Tripping through southern California’s 19th century wine past
I have been having a great time touring around talking about Tangled Vines: Greed, Murder, Obsession and an Arsonist on the Vineyards of California. I am in Los Angeles as I write this, taking a breather after talking at The Homestead Museum in the City of Industry, the Galleano Winery in Mira Loma in Riverside County, the Huntington Library in San Marino, and the Hillcrest Country Club in Los Angeles. In between I had a newspaper and radio interview! I am not complaining – far from it – but tired since all those events were crammed into three days.
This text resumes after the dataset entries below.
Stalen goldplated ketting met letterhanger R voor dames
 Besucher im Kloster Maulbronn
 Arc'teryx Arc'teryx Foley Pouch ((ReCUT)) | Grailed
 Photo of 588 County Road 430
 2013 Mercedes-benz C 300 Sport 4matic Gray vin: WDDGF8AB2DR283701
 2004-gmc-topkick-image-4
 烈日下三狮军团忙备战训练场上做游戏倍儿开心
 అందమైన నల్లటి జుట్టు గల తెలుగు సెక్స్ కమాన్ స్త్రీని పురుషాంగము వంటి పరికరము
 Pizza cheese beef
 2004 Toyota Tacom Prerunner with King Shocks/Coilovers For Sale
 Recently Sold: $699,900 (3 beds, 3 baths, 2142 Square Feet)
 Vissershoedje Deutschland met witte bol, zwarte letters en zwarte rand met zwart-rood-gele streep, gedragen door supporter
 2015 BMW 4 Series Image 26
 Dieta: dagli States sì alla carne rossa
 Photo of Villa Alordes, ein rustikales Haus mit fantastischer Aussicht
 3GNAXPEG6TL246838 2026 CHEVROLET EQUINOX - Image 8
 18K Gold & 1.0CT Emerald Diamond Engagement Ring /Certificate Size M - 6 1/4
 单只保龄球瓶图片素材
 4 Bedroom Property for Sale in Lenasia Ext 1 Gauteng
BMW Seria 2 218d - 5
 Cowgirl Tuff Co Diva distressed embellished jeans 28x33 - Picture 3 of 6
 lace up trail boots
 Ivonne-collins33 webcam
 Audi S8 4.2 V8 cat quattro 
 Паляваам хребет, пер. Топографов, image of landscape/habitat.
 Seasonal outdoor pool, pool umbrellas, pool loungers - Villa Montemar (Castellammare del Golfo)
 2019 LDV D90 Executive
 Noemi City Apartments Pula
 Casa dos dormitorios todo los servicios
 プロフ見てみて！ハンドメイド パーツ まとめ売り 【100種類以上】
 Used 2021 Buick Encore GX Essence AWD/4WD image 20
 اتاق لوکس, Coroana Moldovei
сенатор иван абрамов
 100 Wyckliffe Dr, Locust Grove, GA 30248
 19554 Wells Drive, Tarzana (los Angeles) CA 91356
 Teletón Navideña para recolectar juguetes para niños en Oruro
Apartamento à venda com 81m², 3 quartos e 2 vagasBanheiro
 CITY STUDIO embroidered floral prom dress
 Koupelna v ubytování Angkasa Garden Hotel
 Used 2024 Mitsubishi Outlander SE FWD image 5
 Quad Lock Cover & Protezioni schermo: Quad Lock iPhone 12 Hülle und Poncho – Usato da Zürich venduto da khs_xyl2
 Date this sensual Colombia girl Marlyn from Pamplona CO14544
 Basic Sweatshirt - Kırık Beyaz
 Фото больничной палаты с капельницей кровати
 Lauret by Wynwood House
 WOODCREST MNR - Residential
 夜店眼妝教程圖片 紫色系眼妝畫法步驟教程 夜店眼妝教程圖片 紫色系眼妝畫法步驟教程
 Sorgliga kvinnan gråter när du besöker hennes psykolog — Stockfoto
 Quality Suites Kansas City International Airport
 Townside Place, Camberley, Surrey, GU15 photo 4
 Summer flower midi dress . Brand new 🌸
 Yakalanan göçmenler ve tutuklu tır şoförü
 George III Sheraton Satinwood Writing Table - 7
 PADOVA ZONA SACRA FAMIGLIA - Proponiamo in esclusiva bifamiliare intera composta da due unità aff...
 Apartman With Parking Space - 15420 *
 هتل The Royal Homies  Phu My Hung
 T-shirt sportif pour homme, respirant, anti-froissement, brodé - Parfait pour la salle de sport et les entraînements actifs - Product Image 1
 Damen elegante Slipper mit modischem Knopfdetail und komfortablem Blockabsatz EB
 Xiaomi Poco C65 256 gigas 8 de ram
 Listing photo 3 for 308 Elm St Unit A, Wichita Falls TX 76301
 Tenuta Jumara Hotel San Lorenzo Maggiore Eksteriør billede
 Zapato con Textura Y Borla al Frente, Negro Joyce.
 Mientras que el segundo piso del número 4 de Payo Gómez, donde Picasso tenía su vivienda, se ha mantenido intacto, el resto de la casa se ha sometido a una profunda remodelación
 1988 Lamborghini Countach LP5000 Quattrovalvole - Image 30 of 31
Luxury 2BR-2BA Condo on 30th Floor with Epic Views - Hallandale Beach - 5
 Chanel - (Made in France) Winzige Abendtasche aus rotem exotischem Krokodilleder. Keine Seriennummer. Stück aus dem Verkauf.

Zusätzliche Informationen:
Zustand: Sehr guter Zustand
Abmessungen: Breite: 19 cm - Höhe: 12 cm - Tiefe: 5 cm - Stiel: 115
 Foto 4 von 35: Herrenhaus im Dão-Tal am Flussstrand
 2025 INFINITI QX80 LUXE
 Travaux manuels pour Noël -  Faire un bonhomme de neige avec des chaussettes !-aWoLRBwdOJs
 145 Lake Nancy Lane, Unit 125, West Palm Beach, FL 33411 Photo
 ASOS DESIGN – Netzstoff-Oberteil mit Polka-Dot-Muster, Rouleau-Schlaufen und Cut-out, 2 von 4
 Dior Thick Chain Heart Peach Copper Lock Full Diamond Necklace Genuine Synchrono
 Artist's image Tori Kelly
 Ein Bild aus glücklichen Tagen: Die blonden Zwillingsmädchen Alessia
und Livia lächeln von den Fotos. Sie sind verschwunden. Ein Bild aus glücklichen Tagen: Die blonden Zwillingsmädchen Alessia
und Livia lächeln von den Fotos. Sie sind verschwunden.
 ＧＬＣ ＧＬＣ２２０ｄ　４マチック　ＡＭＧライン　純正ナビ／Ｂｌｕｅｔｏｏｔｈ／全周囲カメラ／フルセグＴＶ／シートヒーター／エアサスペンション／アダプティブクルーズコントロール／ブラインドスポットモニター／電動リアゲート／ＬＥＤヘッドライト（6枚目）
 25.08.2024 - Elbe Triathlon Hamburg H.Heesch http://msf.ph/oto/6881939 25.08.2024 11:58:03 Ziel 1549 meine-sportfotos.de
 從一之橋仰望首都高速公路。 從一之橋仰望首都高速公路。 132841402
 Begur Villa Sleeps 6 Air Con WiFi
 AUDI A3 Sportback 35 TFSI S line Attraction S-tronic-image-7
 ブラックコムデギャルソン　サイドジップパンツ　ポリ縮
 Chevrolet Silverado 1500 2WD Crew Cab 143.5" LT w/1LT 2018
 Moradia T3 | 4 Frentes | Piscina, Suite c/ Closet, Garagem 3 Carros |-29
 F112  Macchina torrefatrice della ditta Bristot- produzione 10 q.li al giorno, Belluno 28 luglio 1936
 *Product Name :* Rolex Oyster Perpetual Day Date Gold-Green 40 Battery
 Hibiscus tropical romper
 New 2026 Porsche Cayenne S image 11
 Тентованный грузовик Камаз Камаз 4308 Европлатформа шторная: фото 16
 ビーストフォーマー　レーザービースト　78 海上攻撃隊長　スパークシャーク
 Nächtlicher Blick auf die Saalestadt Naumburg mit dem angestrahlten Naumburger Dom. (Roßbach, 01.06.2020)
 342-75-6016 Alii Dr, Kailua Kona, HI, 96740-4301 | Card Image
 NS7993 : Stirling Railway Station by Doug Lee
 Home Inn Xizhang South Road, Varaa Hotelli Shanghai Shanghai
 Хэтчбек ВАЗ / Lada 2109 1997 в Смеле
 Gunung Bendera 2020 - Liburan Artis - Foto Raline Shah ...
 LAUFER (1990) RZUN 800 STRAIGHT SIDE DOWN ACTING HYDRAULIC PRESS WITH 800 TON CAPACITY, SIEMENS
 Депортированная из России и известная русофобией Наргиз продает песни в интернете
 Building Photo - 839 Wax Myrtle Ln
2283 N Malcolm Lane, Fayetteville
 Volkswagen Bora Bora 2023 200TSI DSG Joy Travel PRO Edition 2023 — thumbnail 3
I also got a chance to stop by the Homestead Museum which has the adobe home built by William Workman in 1842. Workman and his partner John Rowland led the first wagon train of Americans to LA in 1842. Workman became very successful and was granted the 42,000-acre Rancho La Puente. In 1868, he went into the banking business with my great great grandfather Isaias Hellman and his son-in-law FPF Temple. The partnership didn’t last long and Workman and Temple formed their own bank. When a crash came in 1875, Temple borrowed funds to prop up the bank from EJ “Lucky” Baldwin. When they couldn’t repay the loan, the rancho was auctioned off for sale and Baldwin bought it. When Workman heard the news, he committed suicide in his living room. Workman also grew grapes on the property, which is why I spoke about Tangled Vines.
I have one more Southern California event: a reading at the wonderful independent bookstore Book Soup at 4 p.m. Saturday Nov. 7.